Add to that we end up getting some life altering events such as losing a job, getting divorced and now suddenly again we have to be strong. Since we have started believing that “being strong and surviving and succeeding means competing” we compete hard for survival and that becomes our habit.
What we forget in this entire race is that we are here on earth not to survive or compete but to “grow our soul” by learning more human qualities. What we forget at the deep core of us is that there is enough of everything that everyone wants in reality and do not need to strive, struggle or compete to get what we need. We forget the fundamental truth of life and that is abundance!
So here is the path we have taken inadvertently:
Survival Fear -> Need for Strength -> Self Confidence -> Pride -> Competitiveness -> Righteousness (chip on the shoulder)
Now to specific things you can understand and do to (so can I) to remove the chip on your shoulder:
• Understand that no one starts there day thinking I am going to screw up today, mess around and be stupid – understand that all are trying their best they can and if it does not work for you, you have a choice of gracefully relating or not relating. What you do not have is a right to be righteous whereby you use them to feel better about yourself
- Everyone’s journey is unique and its half destiny and half free will – even if someone chooses not to use their free will to better themselves (soul) it’s their journey and the account is between them and the Universe
- You are enough – as you are! When we grow up without “total acceptance” we have to do things to get acceptance and love and we believe that we (and others) are not enough as they are and they need to do something, be certain way to get love and acceptance. That’s the biggest lie. We are all enough
- Understand that “true intentions” are always visible – we have started believing that if we position ourselves a certain way, if we can make people believe that we are awesome we will get more and will be happier. The truth is our deep intentions and feelings are always transparent and it may take time for some to realize but they will. Being righteous and condescending (in thoughts) is the worst kind of relationship karma
- You don’t owe anyone anything and neither do they owe you anything. Understand “individual rights and free will” to the absolute degree. To the degree where if they choose they can totally and completely screw up their lives and that’s fine too and probably has a spiritual reason behind. This does not give you a right to judge or be judged
Last but not the least
What we hate or dislike in others (the basis for chip on the shoulder) is really a part of us we do not like. See these feelings of “holier than thou” as a mirror to go deeper into who you really are and what you can learn for yourself.
Give yourself tons of “Self Love” so that you do not believe in “external validation” at all. So long as you believe in external validation, you are prone to judge and be judged.
I will end with a story of an African tribe that does the most beautiful thing. (Shared on Facebook by Page: “Sun Gazing”).
When someone does something hurtful and wrong, they take the person to the center of town, and the entire tribe comes and surrounds him.
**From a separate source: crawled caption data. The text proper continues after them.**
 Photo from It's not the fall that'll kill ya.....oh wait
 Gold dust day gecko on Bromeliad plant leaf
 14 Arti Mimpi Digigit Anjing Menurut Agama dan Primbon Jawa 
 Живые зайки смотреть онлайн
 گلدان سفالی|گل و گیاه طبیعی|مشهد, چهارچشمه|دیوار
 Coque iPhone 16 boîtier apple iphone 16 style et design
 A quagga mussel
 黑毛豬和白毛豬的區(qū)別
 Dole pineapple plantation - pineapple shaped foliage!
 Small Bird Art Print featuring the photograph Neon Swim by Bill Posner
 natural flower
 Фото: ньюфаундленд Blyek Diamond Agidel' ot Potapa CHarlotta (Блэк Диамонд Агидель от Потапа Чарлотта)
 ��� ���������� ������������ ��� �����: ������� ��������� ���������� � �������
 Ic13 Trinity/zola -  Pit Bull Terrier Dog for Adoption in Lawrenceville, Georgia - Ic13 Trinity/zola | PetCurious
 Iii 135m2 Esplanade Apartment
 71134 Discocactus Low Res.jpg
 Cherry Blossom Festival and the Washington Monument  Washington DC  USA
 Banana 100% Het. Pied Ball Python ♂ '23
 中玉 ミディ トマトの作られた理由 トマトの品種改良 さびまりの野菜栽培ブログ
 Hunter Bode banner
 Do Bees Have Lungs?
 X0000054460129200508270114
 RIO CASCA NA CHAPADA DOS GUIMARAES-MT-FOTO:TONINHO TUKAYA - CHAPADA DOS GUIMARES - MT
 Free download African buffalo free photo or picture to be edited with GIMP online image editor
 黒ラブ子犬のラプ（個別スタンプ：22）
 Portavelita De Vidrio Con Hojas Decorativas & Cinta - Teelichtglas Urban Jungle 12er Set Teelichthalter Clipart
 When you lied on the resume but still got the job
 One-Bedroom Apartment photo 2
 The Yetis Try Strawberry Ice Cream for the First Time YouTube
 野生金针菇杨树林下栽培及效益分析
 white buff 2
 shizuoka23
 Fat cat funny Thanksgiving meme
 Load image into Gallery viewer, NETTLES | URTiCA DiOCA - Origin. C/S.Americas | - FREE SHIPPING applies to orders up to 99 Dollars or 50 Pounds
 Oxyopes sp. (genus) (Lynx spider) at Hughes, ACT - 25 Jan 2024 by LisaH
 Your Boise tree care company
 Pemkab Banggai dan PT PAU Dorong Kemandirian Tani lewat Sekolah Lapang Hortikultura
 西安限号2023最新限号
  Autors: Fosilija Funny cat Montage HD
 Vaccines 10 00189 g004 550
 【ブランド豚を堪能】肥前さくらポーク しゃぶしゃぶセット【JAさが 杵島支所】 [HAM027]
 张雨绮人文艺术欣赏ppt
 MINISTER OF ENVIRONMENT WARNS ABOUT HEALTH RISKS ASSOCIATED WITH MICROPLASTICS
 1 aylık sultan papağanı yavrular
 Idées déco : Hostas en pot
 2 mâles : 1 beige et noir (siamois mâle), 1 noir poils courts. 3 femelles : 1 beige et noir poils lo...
For two days they’ll tell the man every good thing he has ever done.
The tribe believes that every human being comes into the world as GOOD, each of us desiring safety, love, peace, happiness.
But sometimes in the pursuit of those things people make mistakes. The community sees misdeeds as a cry for help.
They band together for the sake of their fellow man to hold him up, to reconnect him with his true Nature, to remind him who he really is, until he fully remembers the truth from which he’d temporarily been disconnected: “I AM GOOD”.